Well, one of the rules that we have, we have a few, but one of the ones that we we have and the rules are non-negotiable One of the rules is if you're going To go have a smoke, yes, you're 15 yesteryear 14. That's a bad idea, but we're not going to really, this is not going to be the setting that renting cost somebody to stop smoking.
But one of the rules is If you go off for a smoke, or if you go off to the bathroom or you go off on your own, you're on your own, you do not go with anybody else because we are keenly aware that somebody particularly negative people will look, there'll be looking around and they will want to build a coalition.

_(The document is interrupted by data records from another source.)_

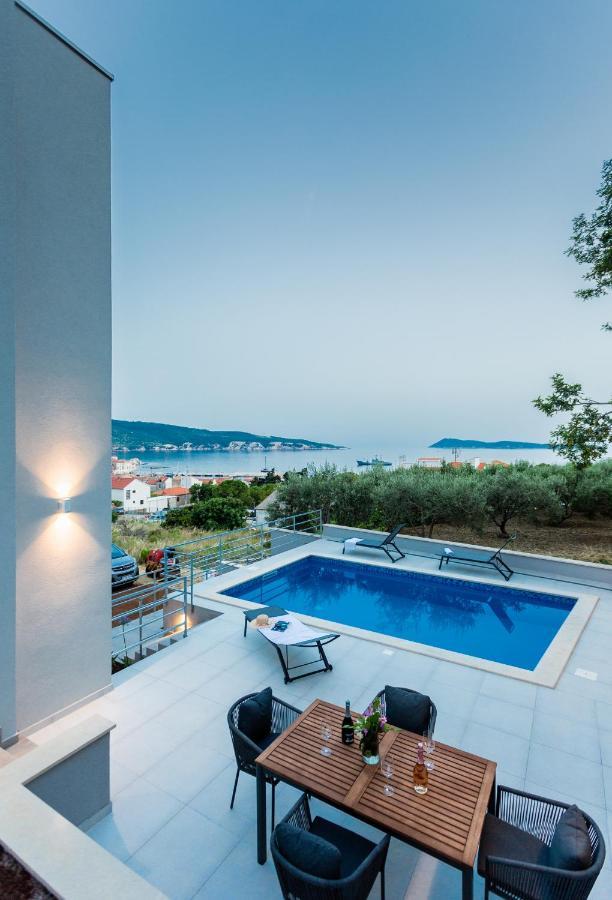 Seaside Elegance Suites Komiza Exterior photo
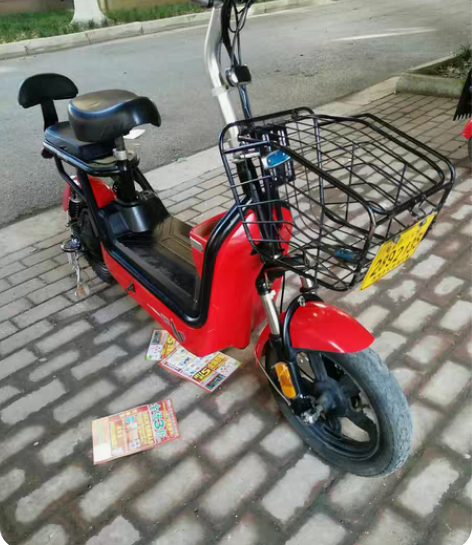 代驾电动车，有三组电池，48V-12AH、52V-23.4A...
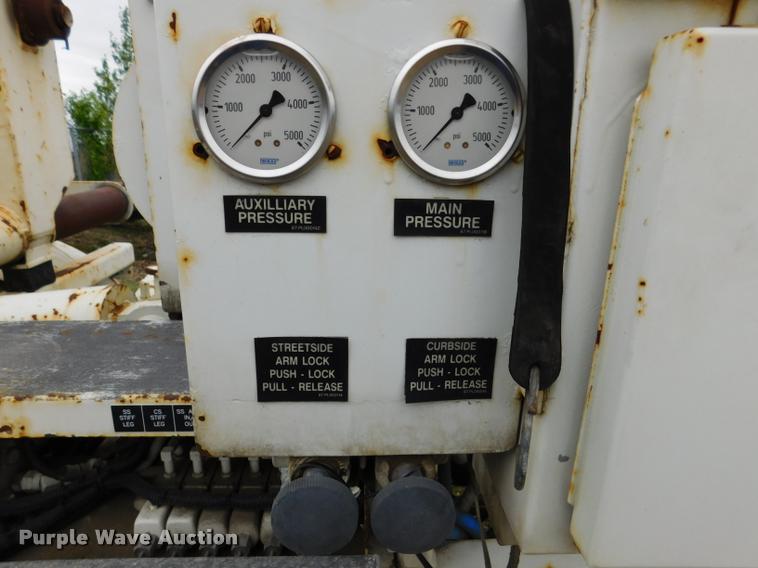 image for item DA1045 2006 Altec AD-108 self-propelled reel trailer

They will want to find like-minded people.
They will want to find people that maybe they're not even like-minded yet, but they want to start to turn them. So they're going to be looking for, for, for gaps in that protection, right. Gaps in the messaging. So if you're trying to chop a leg off a table, and next thing you know, you've got somebody else, unwittingly,
undermining, then that's going to be a problem. And all you're doing is you're just allowing that, that, that table to stay stronger. So you have to be very, very aware of that. And that's hard to do, but making sure that you're talking to your peers, your, your bosses and everyone else that you possibly can, as long as it's confidential and done respectfully,
to make sure that, you know, Hey, we're all on the same page. There's a challenge around this, but let's make sure that this is the message we're and it's a it's and my brother and I we're calling it key messages. All right. What's our key message. This, this, this understanding that, for example, with my dad,
cognitively, he's not able to process a ton. Right. And, and, and that's okay. That's okay. So we adjust our approach. And so we just have to keep pounding away on the key message and leadership is, is 100% tactical, and we've done ourselves, such a disservice with all these books, you know, just w we, we don't talk enough in my estimation.

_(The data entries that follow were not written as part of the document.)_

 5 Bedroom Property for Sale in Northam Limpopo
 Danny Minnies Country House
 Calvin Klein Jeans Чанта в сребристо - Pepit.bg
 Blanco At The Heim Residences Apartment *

This is why I'm really focused on the content that I'm focused on is we don't, we don't pay attention to the details. We don't pay attention to leadership being in the moment. And I have huge respect for a whole bunch of thought leaders, but at the end of the day, leadership is in the moment it's navigating the potholes, the, the changes in the road,
the difficulties, the tough conversations, the, the performance management, all those things. It's not about inspiration. It's not about all of this stuff. It is, but, but really at the end of the day, it's, can you talk to folks, can you support them? Can you empower them? Can you make good decisions? Can you follow known processes in the moment?
And that's exactly what I focus on. So without further ado, I appreciate your time. And I appreciate your attention with this. And our next episode, we'll be talking about accountability, not for other people, but for you. And that's a tough one. This is going to be an interesting and tough, tough, tough episode for some of us.
So we'll see you then. Thanks everyone.<inaudible>.